Il film è stato finanziato tramite crowdfunding, come è stata questa esperienza produttiva?

Abbiamo fatto due crowdfunding, uno in apertura uno in chiusura. Il primo sulla piattaforma “produzionidalbasso”: ogni giorno facevamo girare il link con il progetto e ricevevamo piccole somme da gente che credeva nel film, in cambio solo della presenza del loro nome sui titoli di coda. La seconda ondata di autofinanziamento è nata da un’idea dei due produttori: Francesco Losavio e Massimo Bertocci che hanno ideato la piattaforma 100 produttori in cui le persone potevano acquistare quote del film in cambio di utili sul risultato economico. Ovviamente nessuno ha partecipato credendo di diventare ricco, ma perché credevano nel progetto e volevano sostenerlo. 
Per tanti anni abbiamo ricevuto però molti no. Non è stato semplice trovare i finanziamenti.

Il film ha comunque un budget limitato: come si gira un film storico in Italia senza i soldi di una grande produzione?

Fortunatamente molta parte della storia si svolge in montagna per cui abbiamo potuto fare inquadrature larghe. In città siamo stati costretti a stringere sui dettagli. Non abbiamo girato a Milano, ma a Pavia, risparmiando soldi. In molte scene abbiamo lavorato sui costumi e le scenografie adattando ciò che avevamo a disposizione: giocavamo sui costumi, come si faceva con il vecchio cinema, cambiando i vestiti alle comparse e dando l’impressione di avere uno sfondo più ricco di persone di quante in realtà fossero.  Anche gli elementi di scenografia sono stati riutilizzati in più scene, ma sono messi con maestria: ci sono ma non ce ne si accorge. In altri punti abbiamo ritoccato in digitale i fondali aggiungendo le persone. Ci siamo ingegnati insomma. 

C’è qualcosa che ti ha sorpreso a livello di performance quando eri sul set e che non ti aspettavi sarebbe arrivato? 
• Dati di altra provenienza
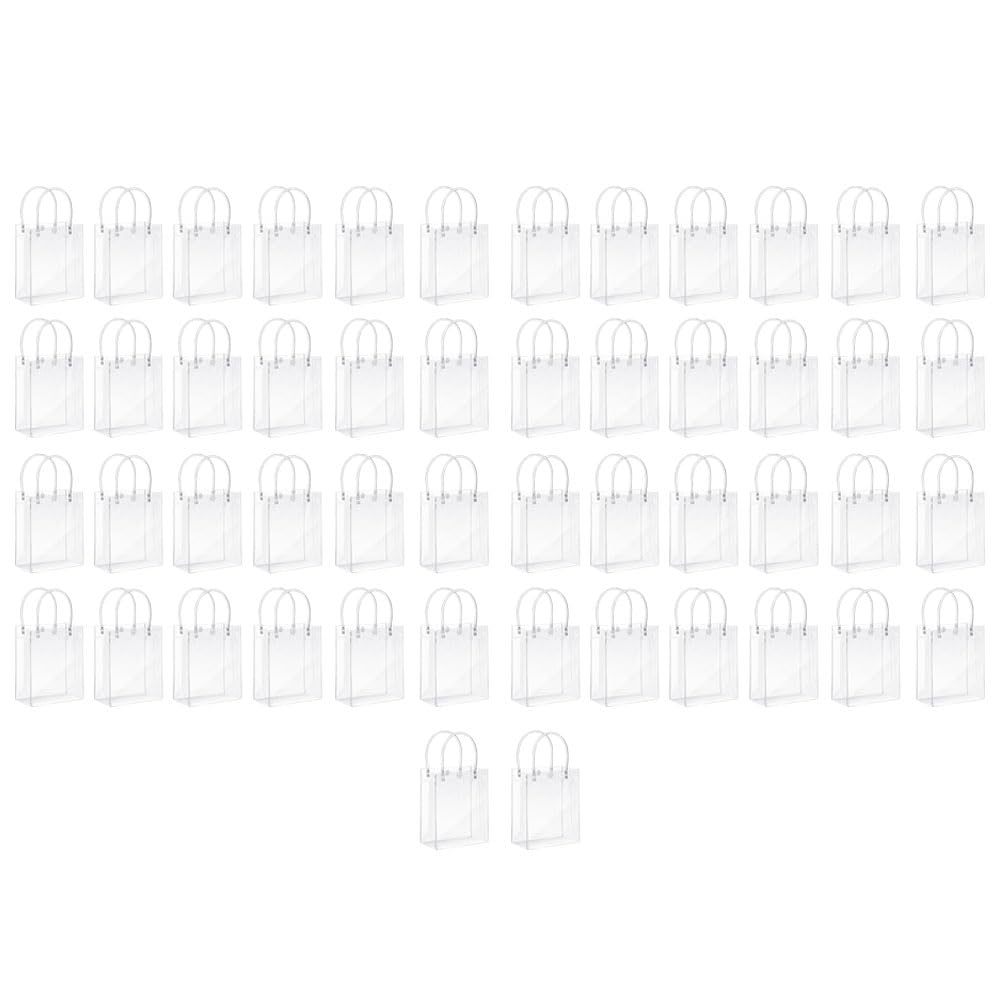 50 PCS Clear Gift Bags with Handles, 18×7×25cm Reusable PVC Bags, Strong Enough to Hold 2-10kg Tote Bags for Drinks, Books, Flowers, and Dolls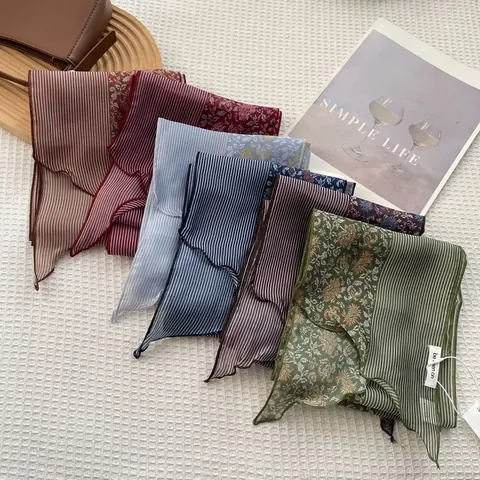 Γυναικείο Σατέν Μαντήλι με Ριγέ και Ανθικό Patchwork Στενό Ορθογώνιο Μαντήλι Λαιμού Διακοσμητική Κορδέλα Μαλλιών Μόδας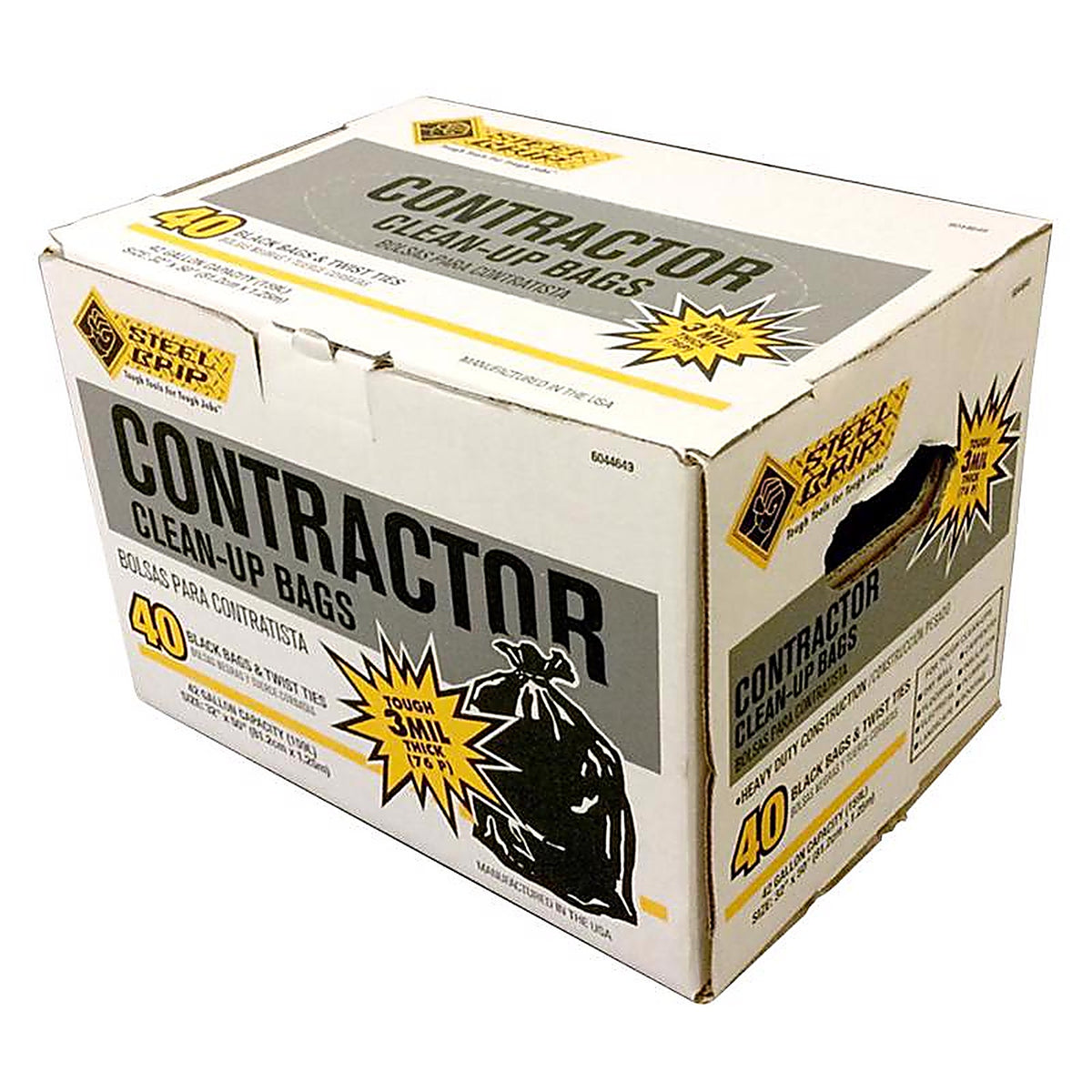 Steel Grip - 3250A40SG - 42 gal Contractor Bags Twist Tie 40 pk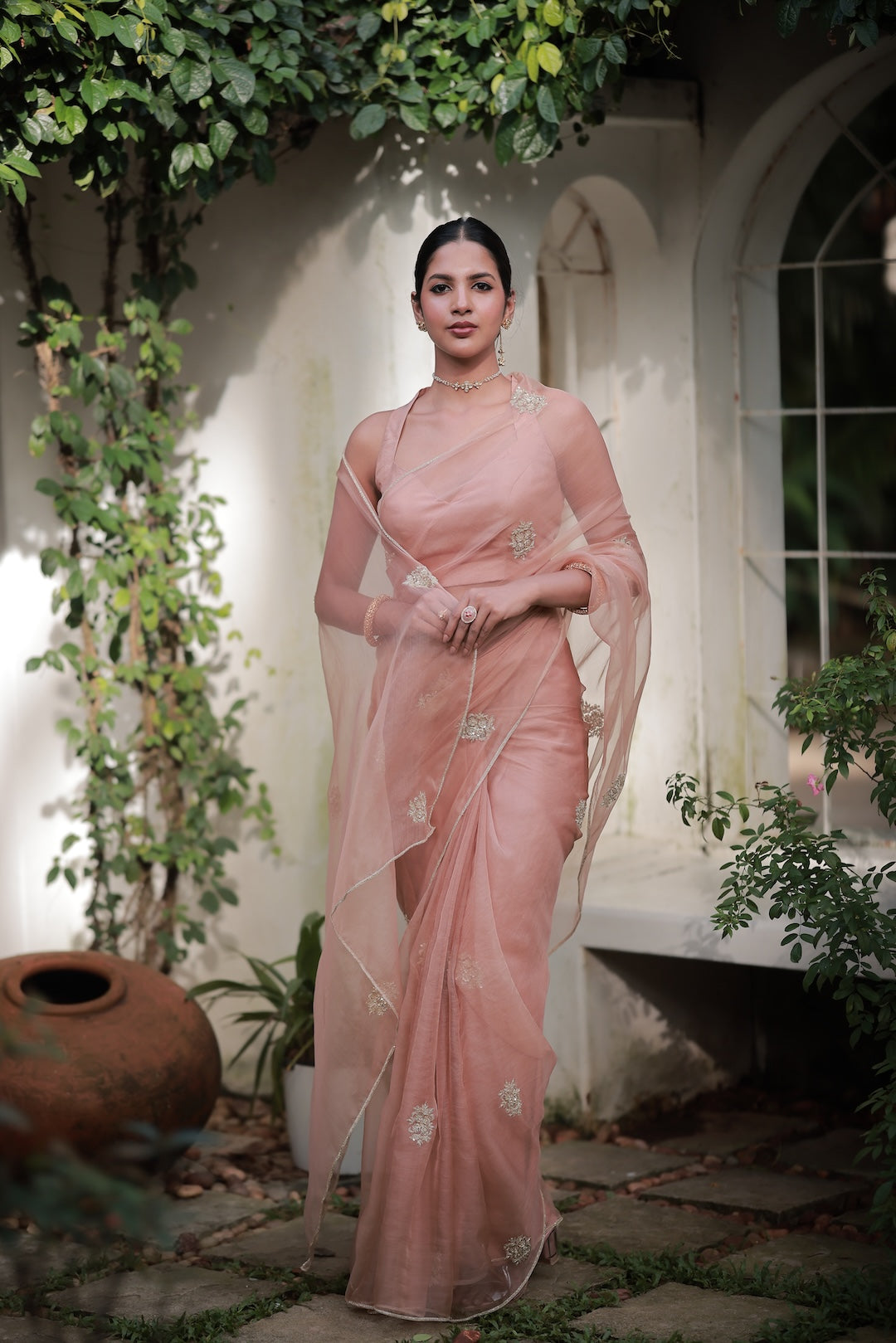 Peach Organza Saree - Zuleiha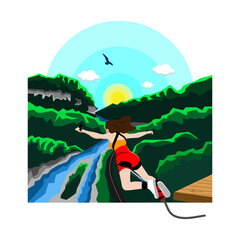 a girl jumps with a bungee, Bungee jumping of a jumper with a rope. Extreme bungee jump over a summer landscape with river, mountains and sky.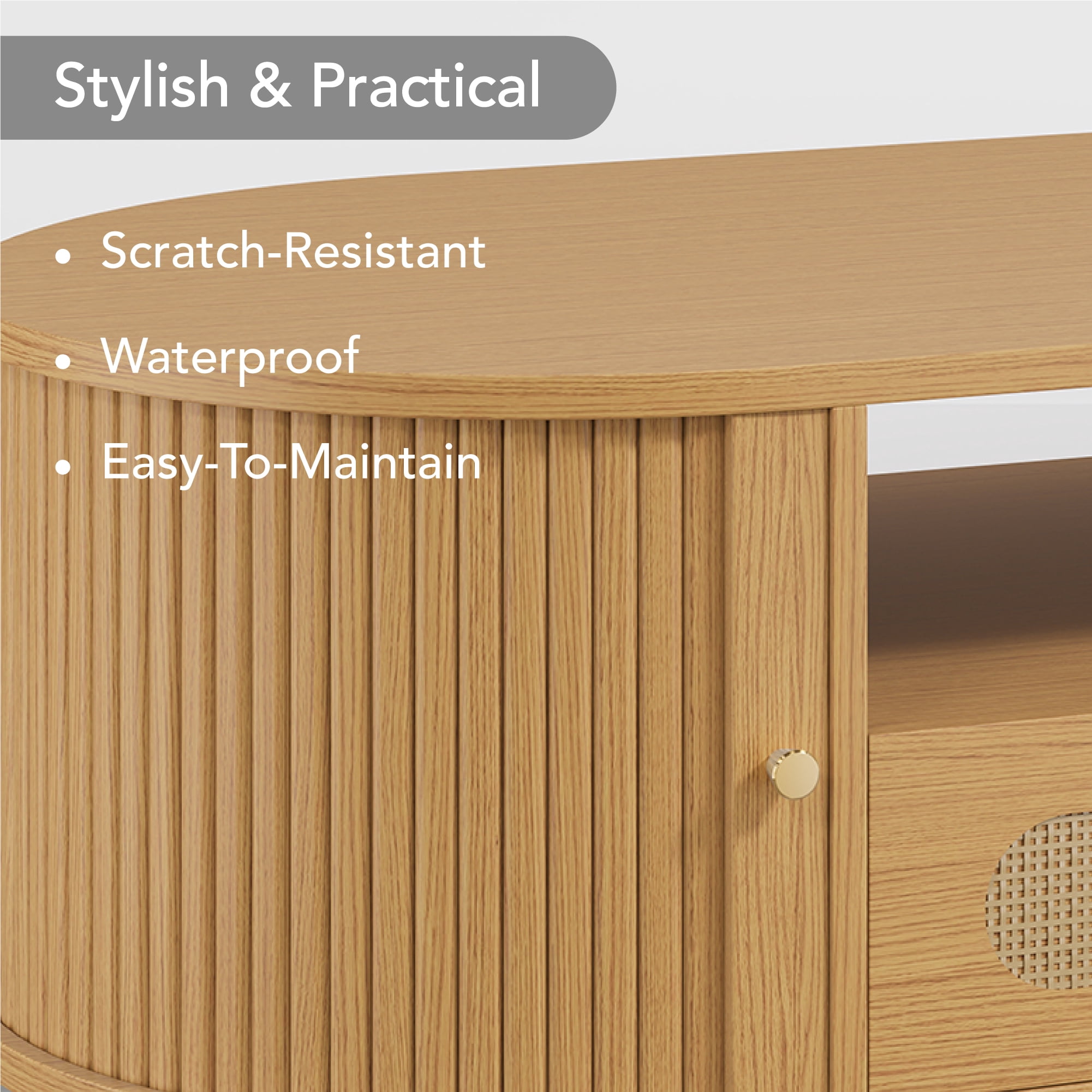 Spruce & Spring 47.2" Mid-Century Modern Rattan Coffee Table with Sliding Doors and Open Storage, Oval Center Table with Rattan Drawer, Solid Wood Legs for Living Room, Oak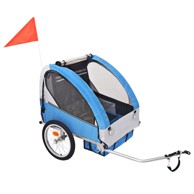 Prikolica za bicikl, 30 kg, sivo-plava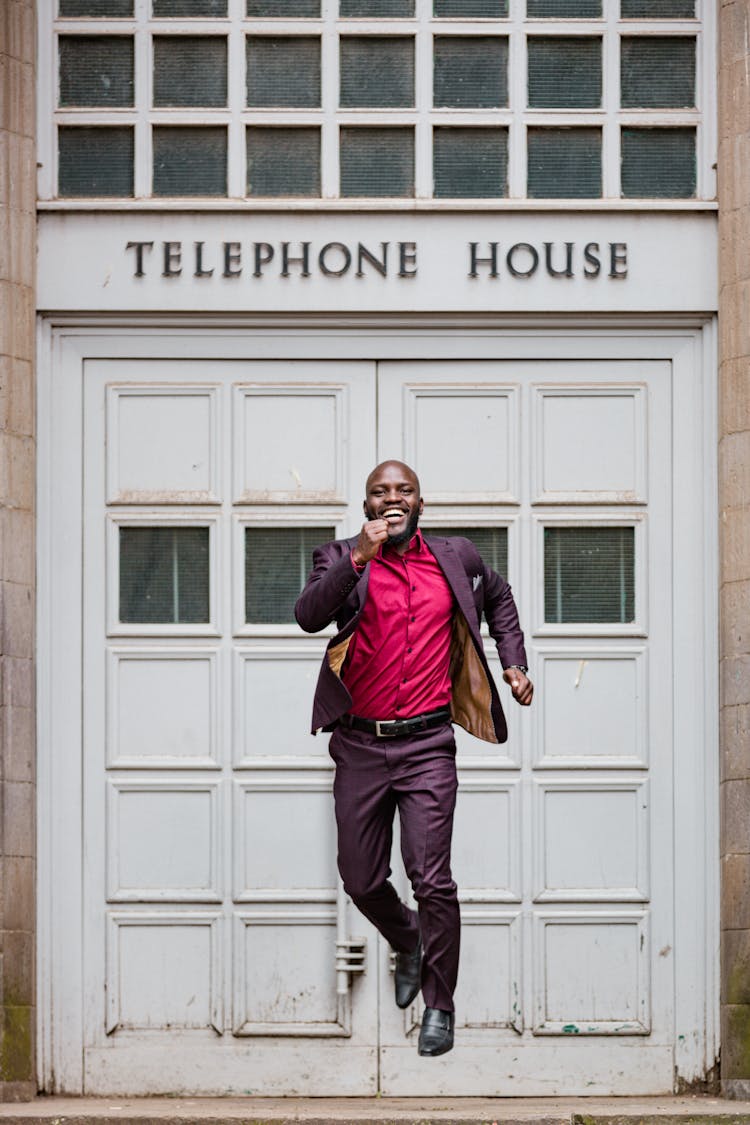 Elegant Man Running From Entrance Doors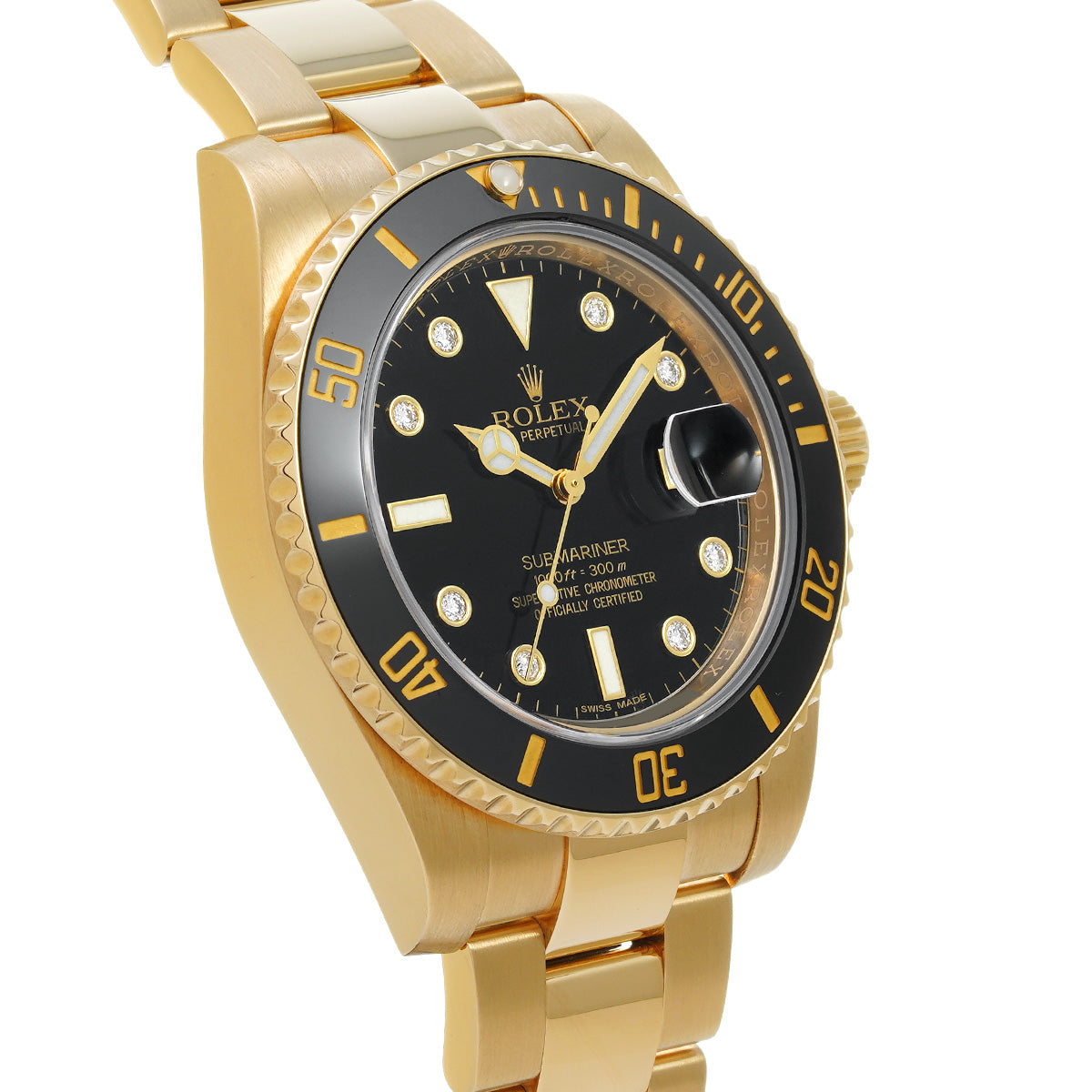 Submariner Date 116618GLN V (manufactured circa 2008) Black/Diamond ROLEX Men's [Pre-Owned].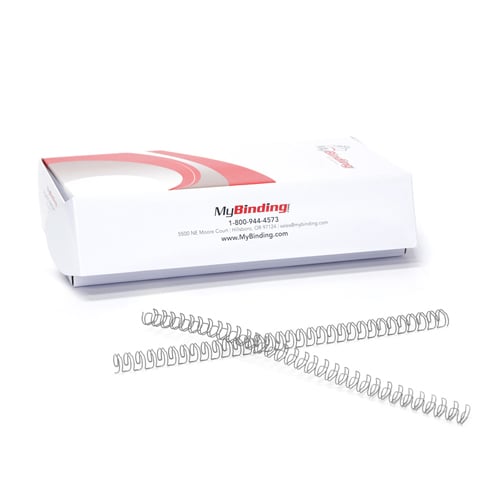 Silver 3/8" 3:1 Pitch Twin Loop Wire - 100pk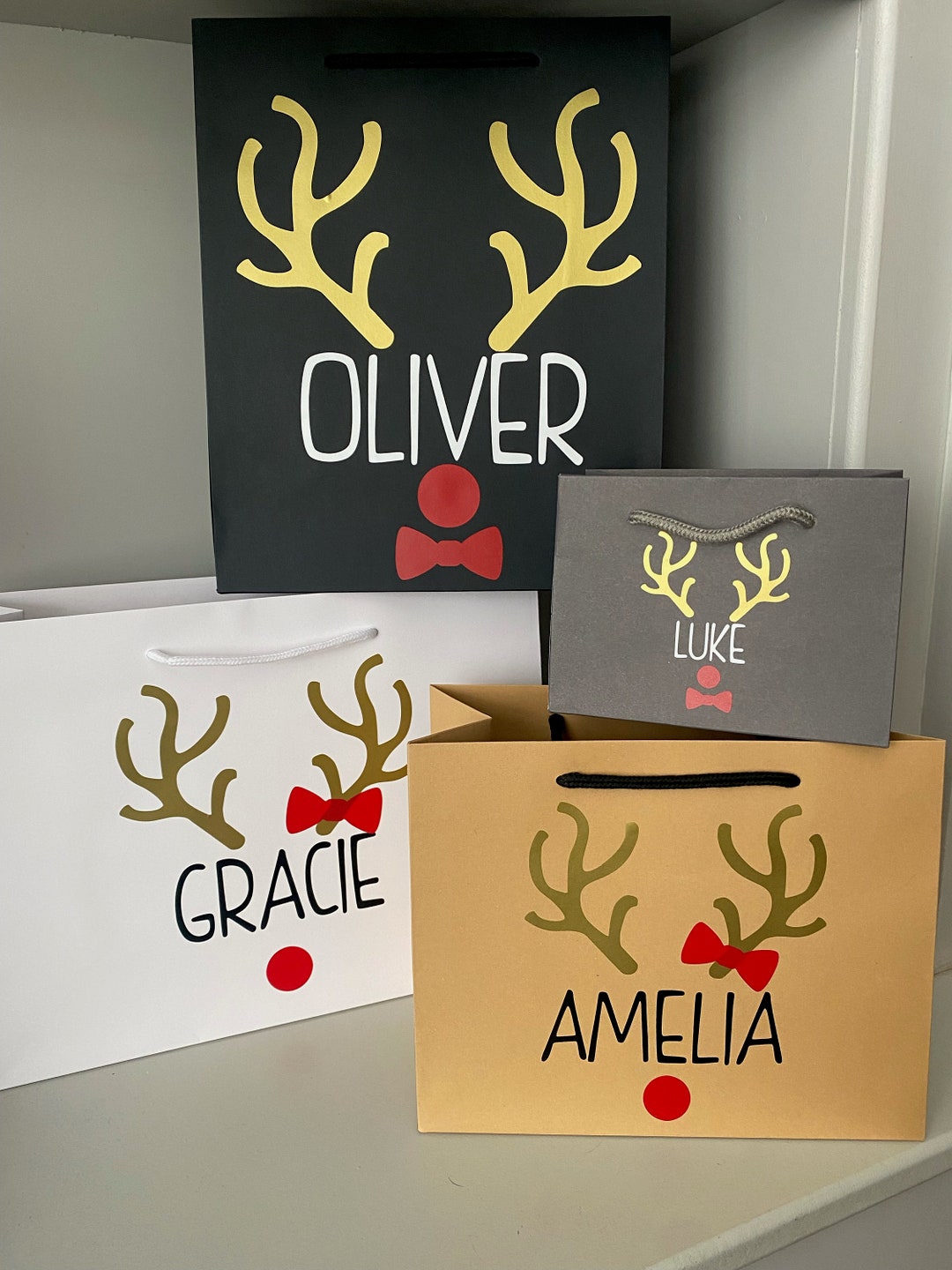 Personalised Christmas Gift Bag Reindeer Gift Bags Kraft Etsy UK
La scena di Kelly e Baden che ascoltano la radio alla fine della guerra. Quando ho dato lo stop ero commosso dall’intensità degli attori: uno piange disperato, l’altro personaggio sembra invece che si sia veramente tolto un peso. Abbiamo fatto tre ciak di quella scena, era l’ultima della sessione di ripresa in montagna, emotivamente è stato un gran momento. 

Per essere fedeli bisogna essere ribelli”, è una frase significativa del film. Cosa significa per te al giorno d’oggi?

All’epoca queste parole risuonavano come una promessa di fedeltà a Dio e alla patria. Una promessa che non deve fare paura. Le parole sono le stesse di quelle imposte dai fascisti, ma il significato è completamente diverso. Per essere fedeli a quella promessa dovevano andare contro ciò che gli era imposto.
Al giorno d’oggi credo che i giovani d’oggi per essere ribelli debbano essere fedeli. La proposizione è invertita. Avere un’ideale, avere cura di un altro essere umano, fare il proprio dovere, sembra oggi un atto sovversivo.